PHOENIX -- The Jodi Arias penalty retrial was halted for unexplained reasons Thursday afternoon.
"Ladies and gentleman, we do not need you for the rest of the afternoon," Judge Sherry Stephens told jurors after the afternoon recess.
After a sidebar conversation with lawyers, Stephens explained, "The reason we don't have court is because of a matter that is outside the control of any of the parties. You should not blame anyone for the fact that we cannot proceed this afternoon."
The judge inexplicably asked one juror, No. 17, to stay and apparently met privately with the juror and the attorneys.
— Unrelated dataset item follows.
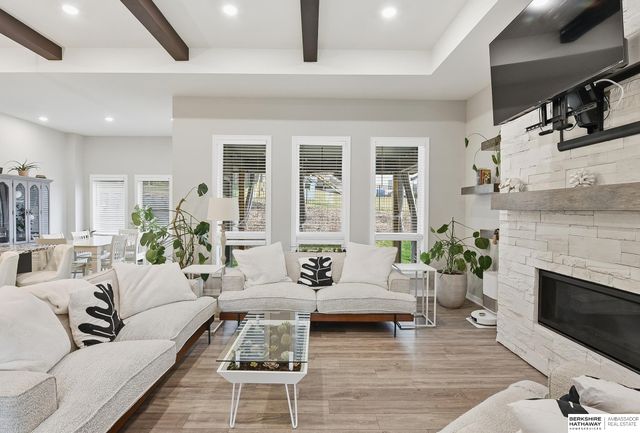 10215 Pintail Drive, Papillion, NE 68046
When Stephens and the lawyers emerged from the meeting, there was no additional explanation for the delay and court adjourned for the day.
The delay follows the dismissal this week of two jurors. The jury panel now includes 16 people -- 12 jurors plus four alternates -- to decide whether Arias will be sentenced to life imprisonment or death in the 2008 slaying of her ex-boyfriend, Travis Alexander. A jury convicted Arias of first-degree murder in 2013, but deadlocked during the sentencing phase, prompting the penalty retrial.
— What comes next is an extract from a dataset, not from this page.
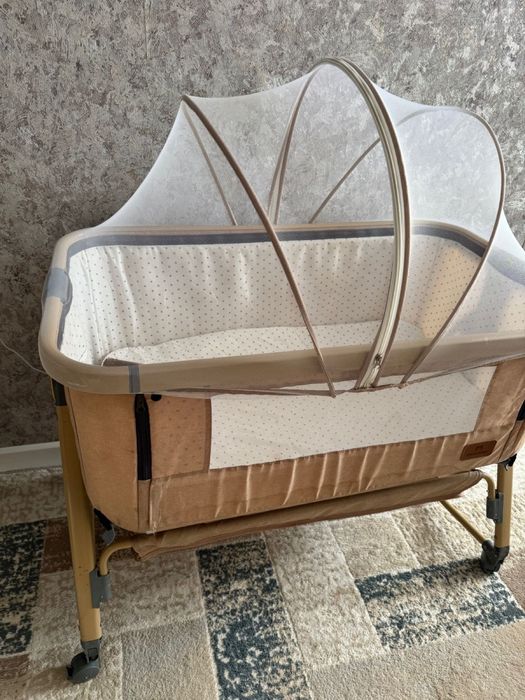 Детский кроватка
Former police detective Esteban Flores told reporters on his way out of court Thursday that no jurors were dismissed. However, Gold said that "doesn't mean that one won't be dismissed."
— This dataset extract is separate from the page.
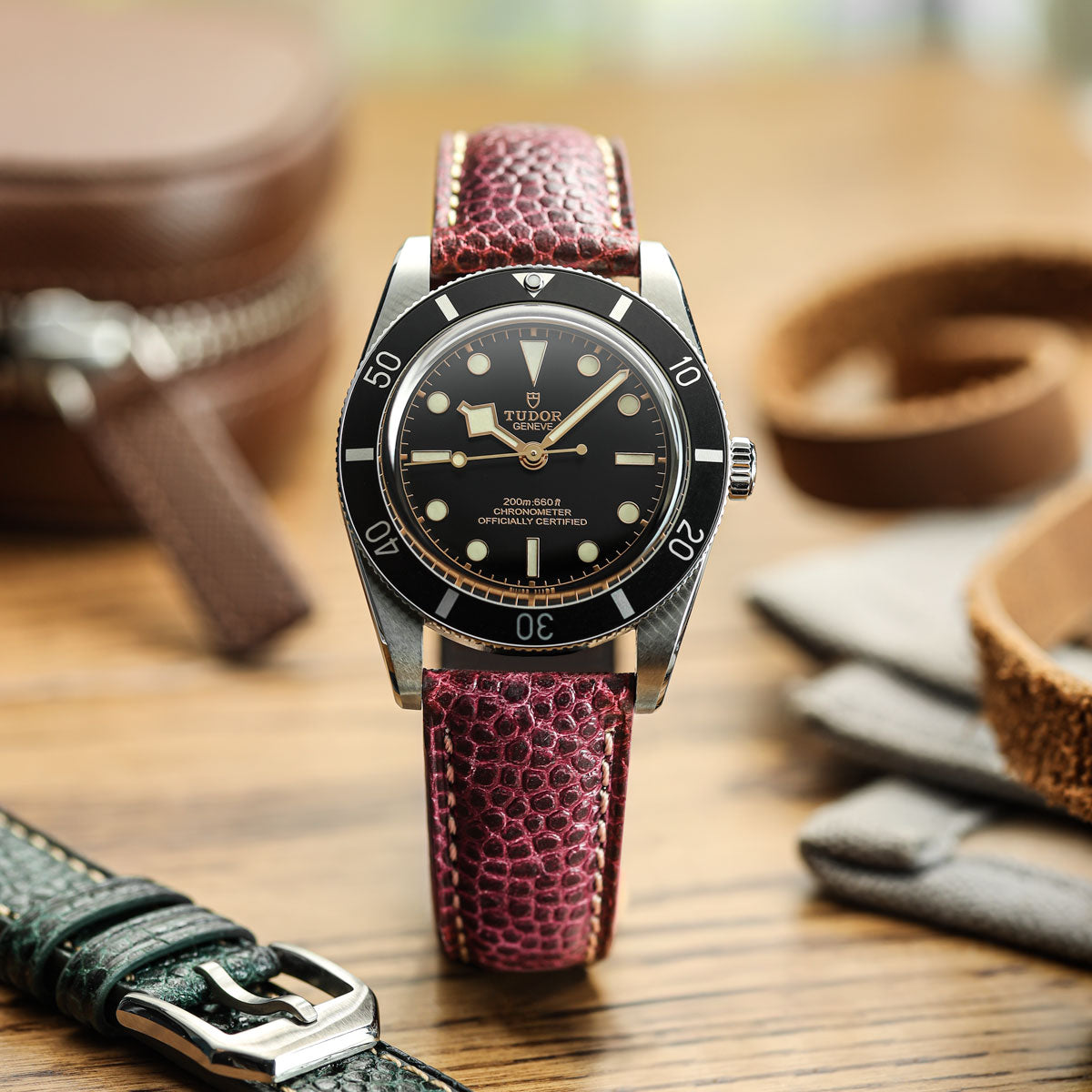 Adassa-Gel đệm Lederarmband für Uhren - Kaviar-Oxblood-Rot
"If the juror had a family emergency, why wouldn't the judge say so? That happens all the time, but it didn't happen here," Gold continued. "The juror went into chambers to discuss something and when a court does things that are so secretive, it makes you wonder."
The incident comes on the heels of Wednesday's dismissal of juror No. 9, after journalist and legal analyst Beth Karas told the judge she was approached outside the courtroom by the juror. Karas said the juror, an unidentified woman, was not wearing her juror badge and asked her if she was Nancy Grace.
Earlier Thursday, prosecutor Juan Martinez called Kevin Friedman, a former police officer with the Yreka, California, Police Department, to the witness stand. Friedman testified he investigated the theft of a .25-caliber handgun that was stolen from Arias grandparents' house on May 28, 2008.
The stolen gun, which has never been recovered, is the same caliber as the weapon used to shoot Alexander.
The body of Alexander, 30, was found on June 9, 2008, in a pool of blood in the shower of his Mesa apartment by friends.
During his testimony, Friedman noted that several other guns, stored in the same cabinet as the .25-caliber pistol, were untouched, as well as a large amount of quarters that were on top of the cabinet.
"Nothing else was found missing in that room," Friedman said.
The trial is scheduled to resume at 12:30 p.m. Eastern time on Monday.